It's time to take control of our waste policy
FCC Environment Communications Director Kristian Dales argues that now is the time to address historic system constraints in the waste industry.
Admittedly, we have been divided for some time in our approach to dealing with waste as a resource, a situation compounded by the absence of clear legislative and fiscal drivers, particularly in England. There is then the bigger issue of addressing the country’s energy needs.
If it had been suggested that the UK was lagging behind our counterpart neighbours in energy from waste (EfW) infrastructure and development (which we are all aware, has been the case), the recent referendum result presents us with an opportunity to show just how greatly we can adapt and thrive during times of change: this needs to start by pushing EfW up the political agenda.
In 2014, our ‘Mapping the politics of waste’ report examined the political dynamics at play in five key areas: recycling targets, the zero waste agenda, the circular economy, resource efficiency, and green investment. Two years on, it is frustrating to see that little has been done to address the underlying market tensions highlighted in this report.
Infrastructure capability and a lack of investment in new waste facilities remains a pressing concern, given the government’s closure of PFI support and an inconsistent approach to renewables incentives for energy recovery. New merchant EfW is coming on-stream, which could help build a new domestic market for refuse derived fuels (RDF).
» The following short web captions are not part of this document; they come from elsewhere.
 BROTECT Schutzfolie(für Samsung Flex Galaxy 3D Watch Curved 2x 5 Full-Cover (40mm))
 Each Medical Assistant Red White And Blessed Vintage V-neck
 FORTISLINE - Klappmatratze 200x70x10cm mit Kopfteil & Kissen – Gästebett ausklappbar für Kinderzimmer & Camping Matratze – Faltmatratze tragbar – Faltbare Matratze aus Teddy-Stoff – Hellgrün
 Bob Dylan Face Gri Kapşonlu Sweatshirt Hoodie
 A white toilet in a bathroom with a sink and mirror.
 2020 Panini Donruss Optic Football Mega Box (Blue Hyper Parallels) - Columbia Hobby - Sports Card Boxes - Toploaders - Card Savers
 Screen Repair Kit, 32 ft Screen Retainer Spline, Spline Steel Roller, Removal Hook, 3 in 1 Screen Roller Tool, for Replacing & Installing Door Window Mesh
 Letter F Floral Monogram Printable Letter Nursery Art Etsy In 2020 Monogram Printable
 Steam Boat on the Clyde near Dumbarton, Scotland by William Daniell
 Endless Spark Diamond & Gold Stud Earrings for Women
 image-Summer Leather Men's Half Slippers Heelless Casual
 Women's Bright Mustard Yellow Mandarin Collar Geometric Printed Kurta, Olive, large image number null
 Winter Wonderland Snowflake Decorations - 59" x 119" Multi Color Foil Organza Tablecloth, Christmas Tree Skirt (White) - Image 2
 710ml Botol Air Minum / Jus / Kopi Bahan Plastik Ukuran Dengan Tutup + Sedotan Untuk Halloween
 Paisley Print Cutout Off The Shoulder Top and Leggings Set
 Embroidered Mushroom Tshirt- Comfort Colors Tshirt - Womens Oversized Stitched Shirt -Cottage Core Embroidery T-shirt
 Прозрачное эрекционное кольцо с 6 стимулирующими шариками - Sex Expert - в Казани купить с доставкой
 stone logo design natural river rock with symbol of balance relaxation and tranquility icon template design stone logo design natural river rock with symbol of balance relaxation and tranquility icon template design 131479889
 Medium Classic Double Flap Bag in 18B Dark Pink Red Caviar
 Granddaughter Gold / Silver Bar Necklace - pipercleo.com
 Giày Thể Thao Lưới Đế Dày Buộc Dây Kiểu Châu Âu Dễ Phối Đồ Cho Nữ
However, speculation over whether EfW should be regarded as a ‘transitional technology’ is fuelling yet more uncertainty.
The reality of Brexit means that the industry needs clarity on its direction of travel: now more than ever.
Let’s face facts. The majority of waste and recycling directives are borne out of Brussels, and the most recent Circular Economy Package outlined ambitions that were unattainable in the UK. Some may welcome severing our ties to the EU, in hope that as part of the current negotiations our entire waste policy is reassessed: a chance to address historic system constraints – weak policy, outdated legislation, devolved agendas, and a lack of leadership on vision or strategy.
If we want to prosper outside of Europe we need to fully capitalise on our ability to improve the UK’s energy and resource security, much stronger domestic policy is needed to move forward with confidence and certainty.